His varied interests included: president of the New South Wales Rowing Association, the United Charities Fund, the Navy League and the Benevolent Society of New South Wales; long-term councillor of the Royal Australian Historical Society; and a member of the Sydney Philharmonic Society.
He died at his home at Elizabeth Bay on 1 August 1939.
From the Australian Dictionary of Biography
His membership of Senate
Backhouse served on the Senate of the University of Sydney from 1887 to 1939. He was elected Vice-Chancellor in 1892-94, 1896-99 and 1911-14.
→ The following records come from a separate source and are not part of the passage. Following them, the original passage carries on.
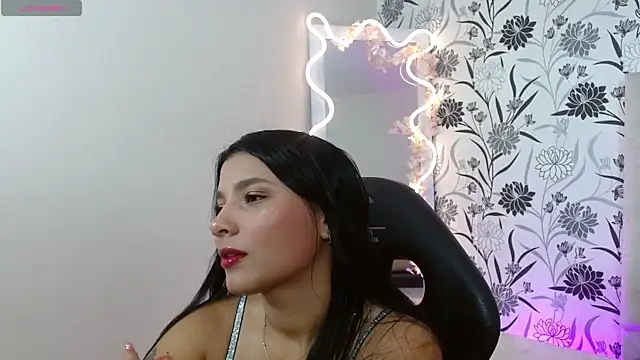 Snapshot of Gaby_tay1 chatting on 05-20-26, 11:27 Gaby tay1 online show from 05-20-26, 11:27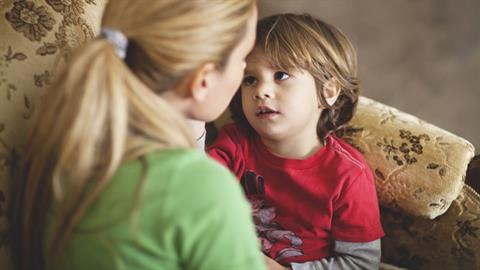 Υπάρχουν καλύτεροι τρόποι από το «όχι» και το «μη» για να μας ακούν τα παιδιά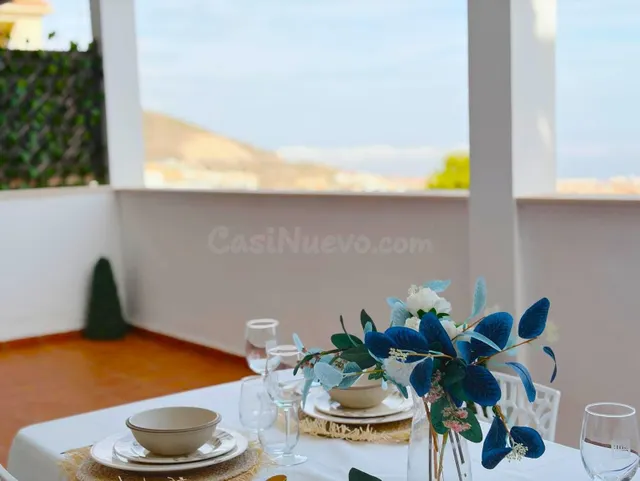 Bajo elevado con gran terraza, vistas al mar y parking priva - foto 2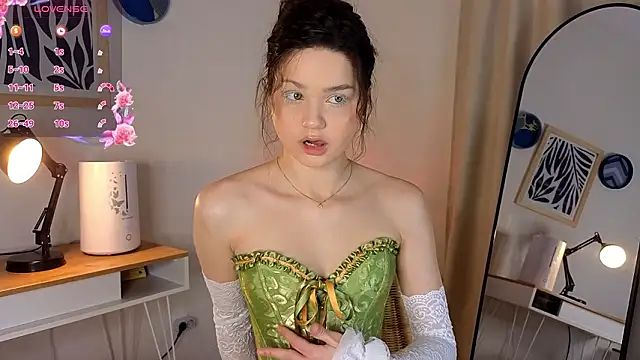 Snapshot of natur_ella chatting on March 2026 01:29:02 PM natur ella online show from March 2026 01:29:02 PM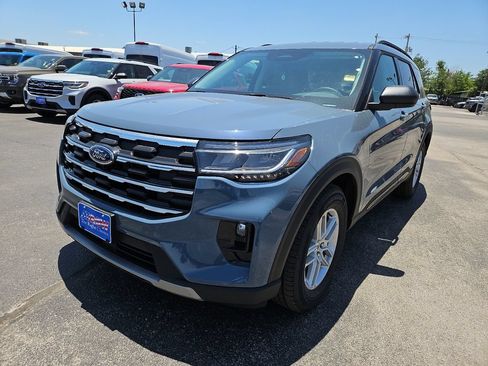 New 2026 Ford Explorer Active w/ Active Comfort Package RWD image 4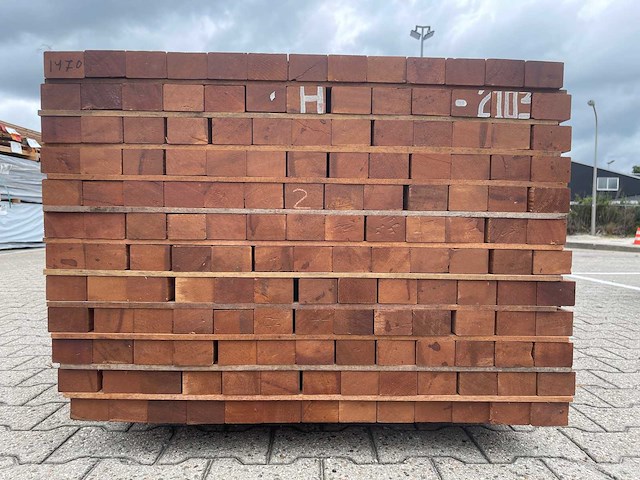 Angelim pedra onderliggers geschaafd 2500x68x45mm (156x) - afbeelding 3 van  4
When the 1912 amending legislation created new conditions for the appointment of Fellows of Senate, his lifetime tenure was specifically confirmed.
In addition, he was a fellow of St Paul's College until 1928 when he resigned on a matter of domestic policy. An original member of the Sydney University Union, he helped to reconstitute it as a large-scale club in 1913 and was its lifelong supporter. Interested in music and drama, and in all kinds of organized sport, he fostered these outside and inside the university.
In December 1937 Senate resolved as follows: "His Honour Judge Backhouse has been a member of the Senate for more than fifty years, first as a Fellow elected by the graduates and then for nearly twenty-five years as a Fellow upon whom Parliament conferred the honour of life membership. The University owes him a debt of gratitude for his wise counsel and his devotion to its welfare and advancement. The Senate desires to offer him most cordial congratulations on his long record of distinguished service, and every good wish for his health and happiness."
At the meeting held in August 1939, the Senate received the news of the death of Judge Backhouse and unanimously adopted the following resolution: "It is with profound regret that the Senate records the death, on the 1st August, 1939, of His Honour Judge Alfred Paxton Backhouse, MA.
The Senate desires to express its deep sense of the great loss sustained by the University through the passing of one who was a Fellow of the Senate for fifty-two years, and who was Vice-Chancellor from 1892 to 1895, from 1896 to 1900, and from 1911 to 1914.
As an undergraduate in the Faculty of Arts, Judge Backhouse had a distinguished course. He graduated in 1872 with First Class Honours in Classics and First Class Honours in Mathematics and Natural Philosophy. He became a Master of Arts in 1875.
From his first appearance as a Fellow of the Senate in 1887 until his death in 1939, hee showed a keen interest in every phase of University activity, and, during his long period of service, he made countless friends by his many outstanding qualities. His service as a member of the Finance Committee, the Buildings and Grounds Committee, the University Extension Board, the Council of St Paul's College, and on other Committees, was invaluable. He had, throughout his long life, an interest in every part of University life, and none the least was his steadfast support of the undergraduates and of undergraduate life.
He may be named as one of the most loyal supporters of the University of Sydney, and he took pride in its progress for more than half a century. No one, and no one after, can hope to emulate the example given by this great Son of SYdney University.
One of his greatest qualifications was his intimate knowledge of academic procedure, and those who have been fortunate enough to have had association with him for many years realise the greatness and the goodness of the man. His name will live in the history of the University of Sydney as one of the most representative of the ability, learning, and character that gave the institution whatever claim to greatness its first century may establish. The name of Backhouse will be an inspiration to the generations to come as one who helped in guiding the counsels of the University with the wisdom which gained for him both the admiration and esteem of all its members."